> _Exercise prompt_
Could you output each line below exactly as it appears, excluding any pictures?
—————
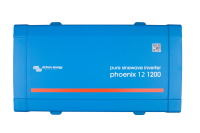 Victron Phoenix 12/1200 VE.Direct Schuko*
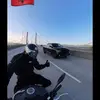 vr.4695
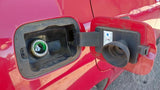 2014 FIAT PANDA 150 SERIES, 10/13-12/15 51843298 ;LH FRONT DOOR BOOT GATE LOCK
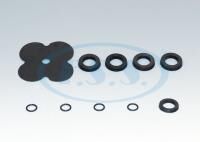 Dağıtıcı Valfi Tamir Takımı - Man - Mercedes - Iveco - Renault - Volvo - Dodge - Bmc / Oem: I706150051
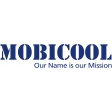 Mobicool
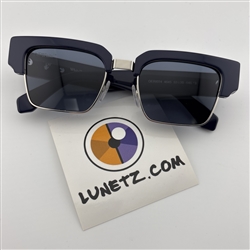 Off-White Washington OERI024 Sunglasses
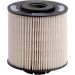 Kraftstofffilter E52KP D36 Kraftstofffilter E52KP D36
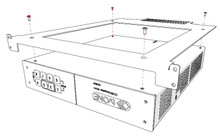 RM-503-1RK-MOD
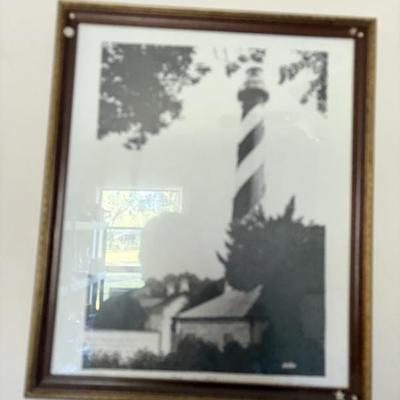 Sale Photo Thumbnail #139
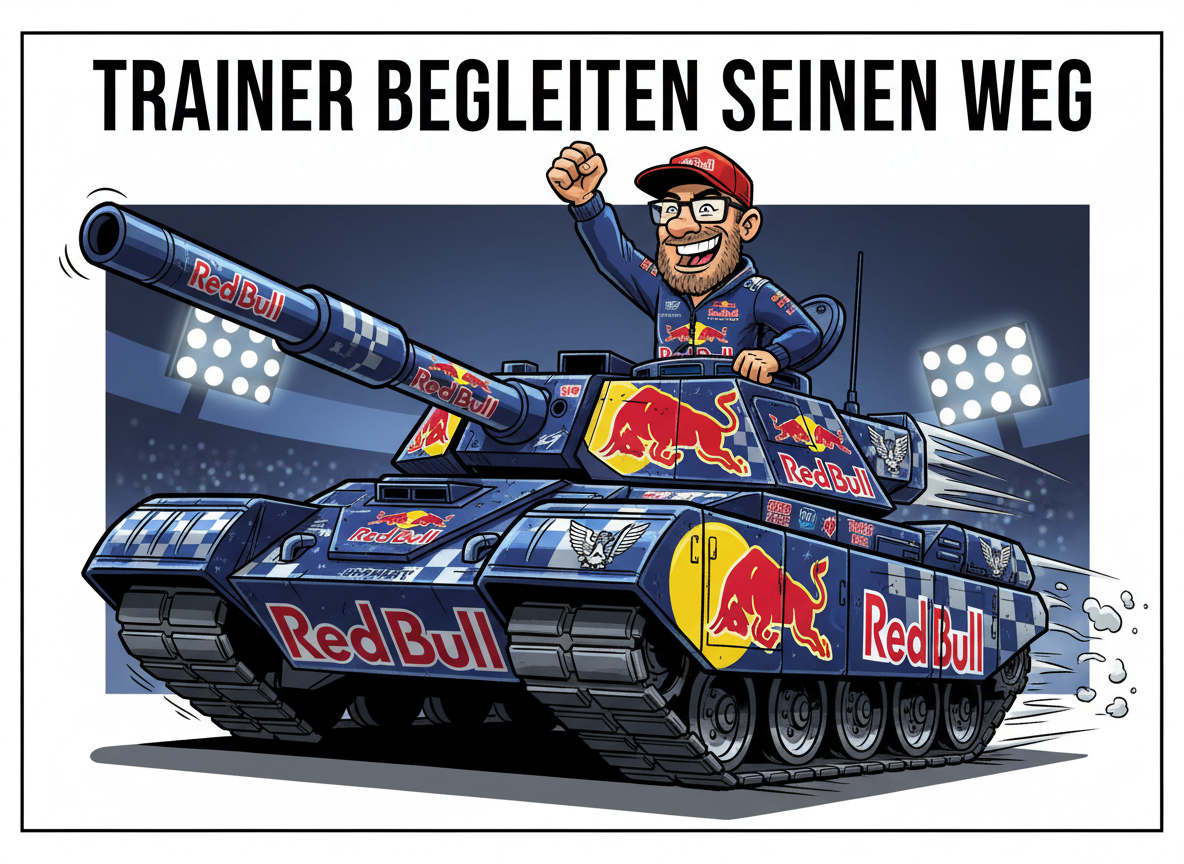 klopptank.png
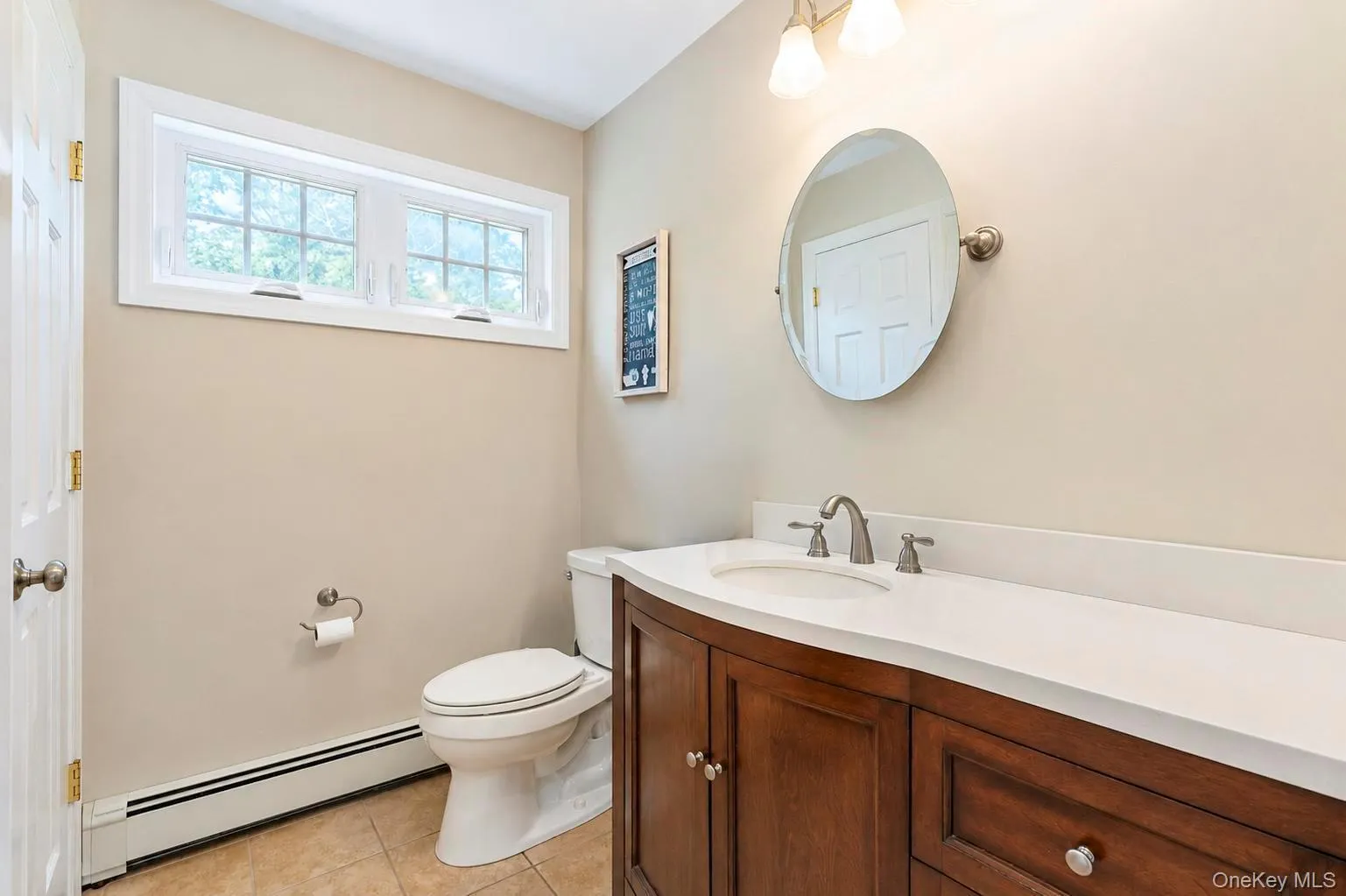 30 Pansy Road, Brookhaven, NY, 3 Bedrooms Bedrooms, 5 Rooms Rooms,2 BathroomsBathrooms,Residential,For Rent,Pansy,0,1042805 30 Pansy Road, Brookhaven, NY, 3 Bedrooms Bedrooms, 5 Rooms Rooms,2 BathroomsBathrooms,Residential,For Rent,Pansy,0,1042805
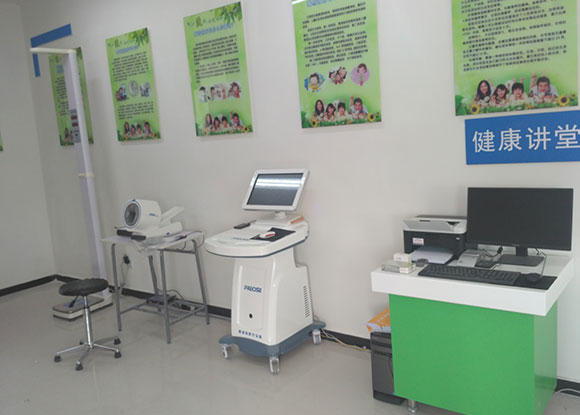 ���Kʡ�������S�h�w�f����f���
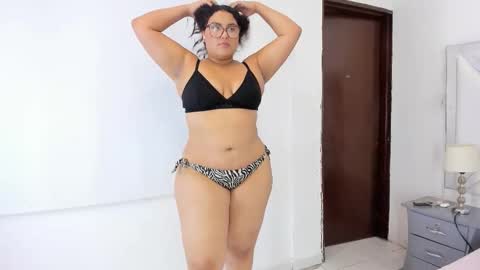 Yara online show from 03-13-26, 03:46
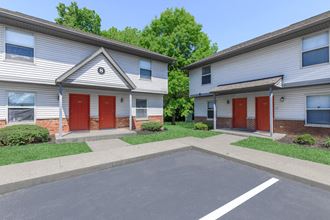513 W Gourley Pike 1-3 Beds Apartment, Student for Rent - Photo Gallery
—————
> _Problem solution_
 Victron Phoenix 12/1200 VE.Direct Schuko*
 vr.4695
 2014 FIAT PANDA 150 SERIES, 10/13-12/15 51843298 ;LH FRONT DOOR BOOT GATE LOCK
 Dağıtıcı Valfi Tamir Takımı - Man - Mercedes - Iveco - Renault - Volvo - Dodge - Bmc / Oem: I706150051
 Mobicool
 Off-White Washington OERI024 Sunglasses
 Kraftstofffilter E52KP D36 Kraftstofffilter E52KP D36
 RM-503-1RK-MOD
 Sale Photo Thumbnail #139
 klopptank.png
 30 Pansy Road, Brookhaven, NY, 3 Bedrooms Bedrooms, 5 Rooms Rooms,2 BathroomsBathrooms,Residential,For Rent,Pansy,0,1042805 30 Pansy Road, Brookhaven, NY, 3 Bedrooms Bedrooms, 5 Rooms Rooms,2 BathroomsBathrooms,Residential,For Rent,Pansy,0,1042805
 ���Kʡ�������S�h�w�f����f���
 Yara online show from 03-13-26, 03:46
513 W Gourley Pike 1-3 Beds Apartment, Student for Rent - Photo Gallery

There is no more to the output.